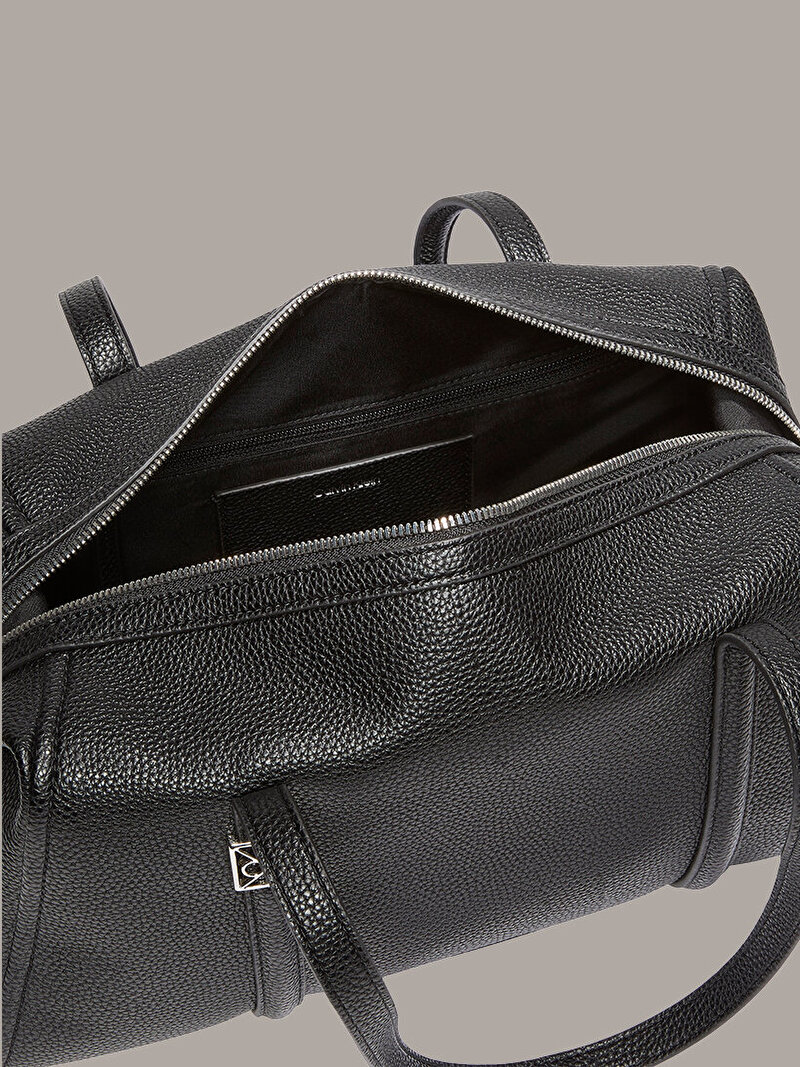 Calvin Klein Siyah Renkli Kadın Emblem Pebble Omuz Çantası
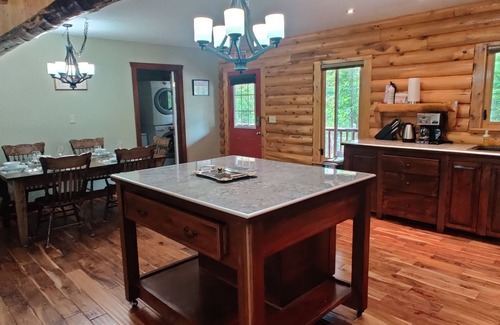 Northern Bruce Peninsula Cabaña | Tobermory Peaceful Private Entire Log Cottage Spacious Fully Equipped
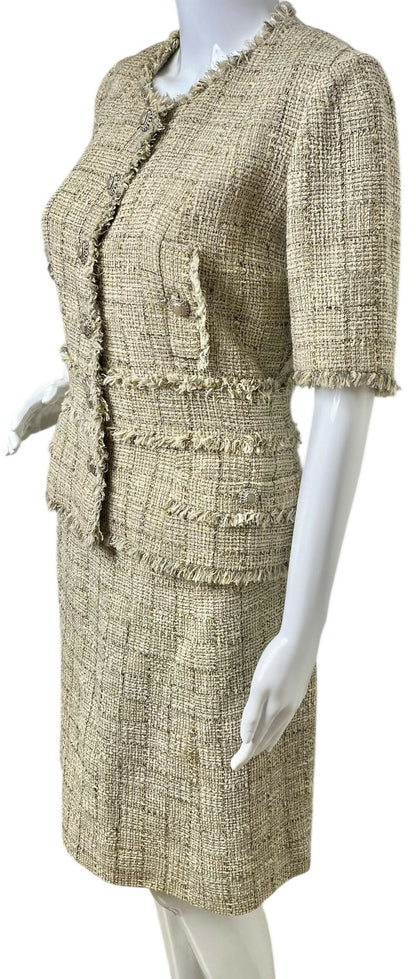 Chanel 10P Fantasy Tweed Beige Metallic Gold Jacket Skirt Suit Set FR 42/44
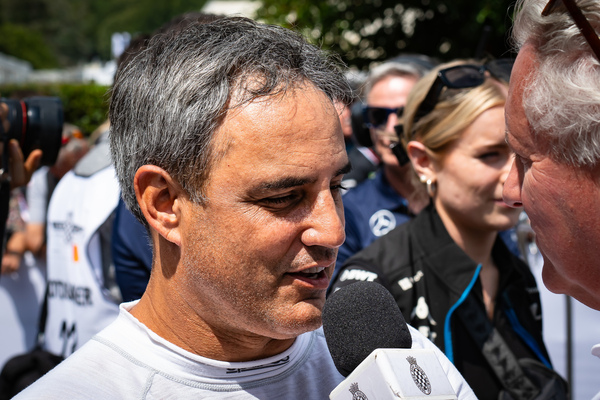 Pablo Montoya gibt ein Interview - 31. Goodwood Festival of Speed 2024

**About this task**
"Chanel 10P Fantasy" marks the first line to copy; copy that line and every line after it through the last line of the listing, exactly and without pictures.

**Reply**
 Chanel 10P Fantasy Tweed Beige Metallic Gold Jacket Skirt Suit Set FR 42/44
 Pablo Montoya gibt ein Interview - 31. Goodwood Festival of Speed 2024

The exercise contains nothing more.